> [Data section]
- - -

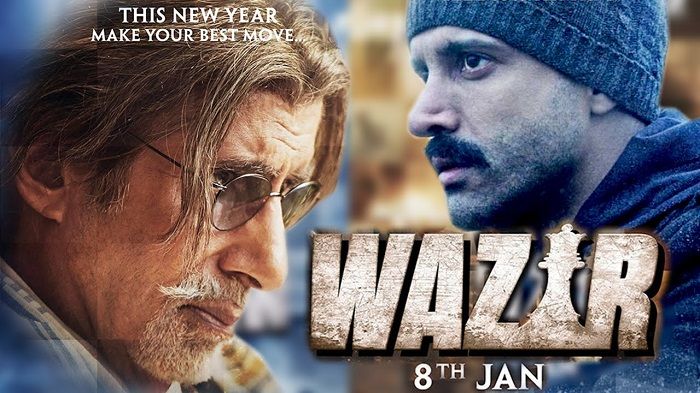 Here's how we think Farhan Akhtar-Amitabh Bachchan's Wazir will perform at the Box Office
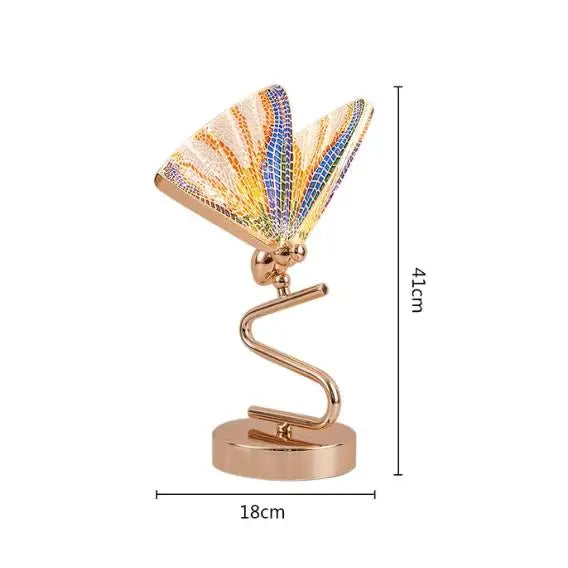 Maliben | Luxury Butterfly Lamp With Warm Ambient Lighting – Elegant Accenting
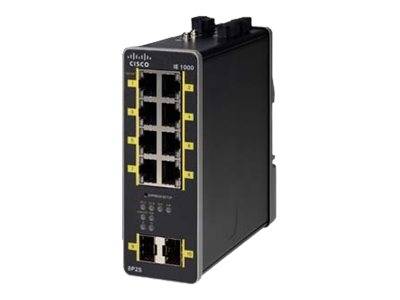 Cisco Industrial Ethernet 1000 Series - Switch - managed - 8 x 10/100/1000 (PoE+)-0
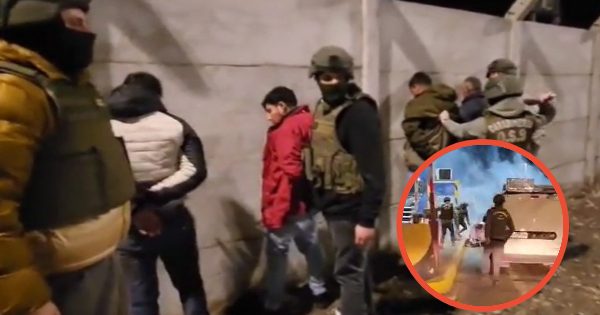 Autoridades confirman que atraparon a los tres presos que se escaparon de la cárcel de Valparaíso.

- - -

> [Work required] Once the pictures are set aside, the remaining data must be transcribed exactly.

> [Output]
 Here's how we think Farhan Akhtar-Amitabh Bachchan's Wazir will perform at the Box Office
 Maliben | Luxury Butterfly Lamp With Warm Ambient Lighting – Elegant Accenting
 Cisco Industrial Ethernet 1000 Series - Switch - managed - 8 x 10/100/1000 (PoE+)-0
 Autoridades confirman que atraparon a los tres presos que se escaparon de la cárcel de Valparaíso.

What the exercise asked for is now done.